The research firm highlighted Mirum’s "cash-flow positive, high-growth commercial business" and its mid- to late-stage pipeline with multiple growth opportunities, including a pivotal catalyst expected in the second quarter of 2026 for primary sclerosing cholangitis (PSC). This assessment aligns with the company’s impressive 62.3% revenue growth over the last twelve months, according to InvestingPro data.
Stifel expressed optimism about growth prospects for Livmarli, citing multiple "upside-levers" including organic growth in Alagille syndrome (ALGS) and progressive familial intrahepatic cholestasis (PFIC), weight-based pricing, and the EXPAND program, alongside steady revenue from Ctexli and Cholbam.
The firm also conveyed "strong conviction" in volixibat ahead of pivotal PSC/primary biliary cholangitis (PBC) data, projecting it as a potential blockbuster opportunity even with conservative assumptions.

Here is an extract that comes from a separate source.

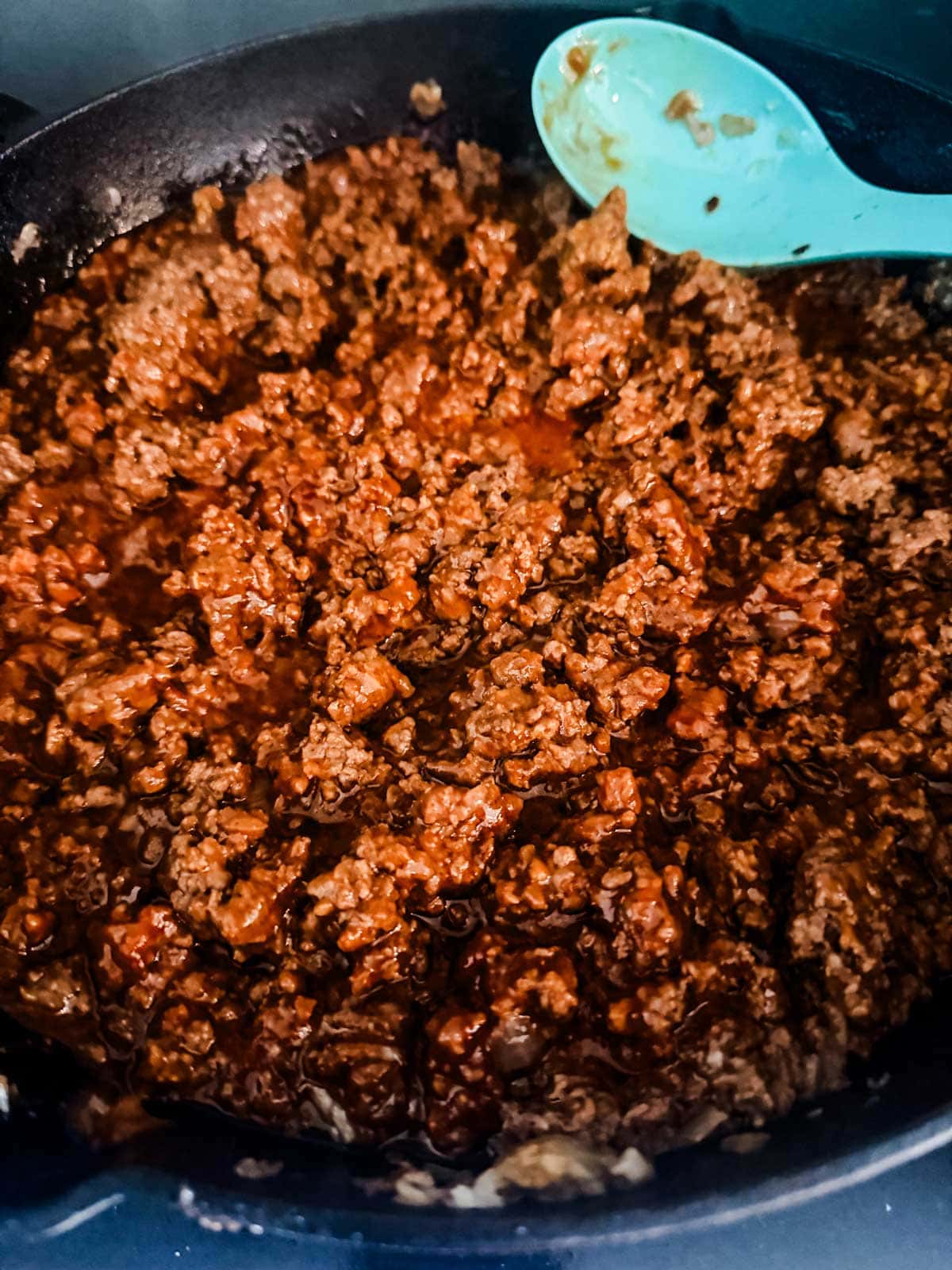 Ground beef cooked in a skillet with a rich, red sauce, and a blue spoon resting on the side.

Stifel noted that Mirum’s strong financial position, growing commercial business, pipeline optionality, and management team make it stand out "in what remains a discerning biotech tape," despite the stock’s recent strong performance.
In other recent news, Mirum Pharmaceuticals reported strong second-quarter 2025 financial results, with total revenues reaching $127.8 million. This marks a significant 64% increase compared to the same period in 2024, surpassing expectations of $107.36 million. The company also reported an earnings per share of -$0.12, which was better than the anticipated -$0.33. Following these results, Mirum Pharmaceuticals raised its 2025 revenue guidance to a range of $490 million to $510 million, indicating a projected 48% year-over-year growth at the midpoint. In light of these developments, H.C. Wainwright increased its price target for the company to $80, maintaining a Buy rating. Similarly, JMP Securities raised its price target to $81, with a Market Outperform rating, citing strong sales of Livmarli and bile acids. These updates reflect the company’s positive financial trajectory and analyst confidence in its future performance.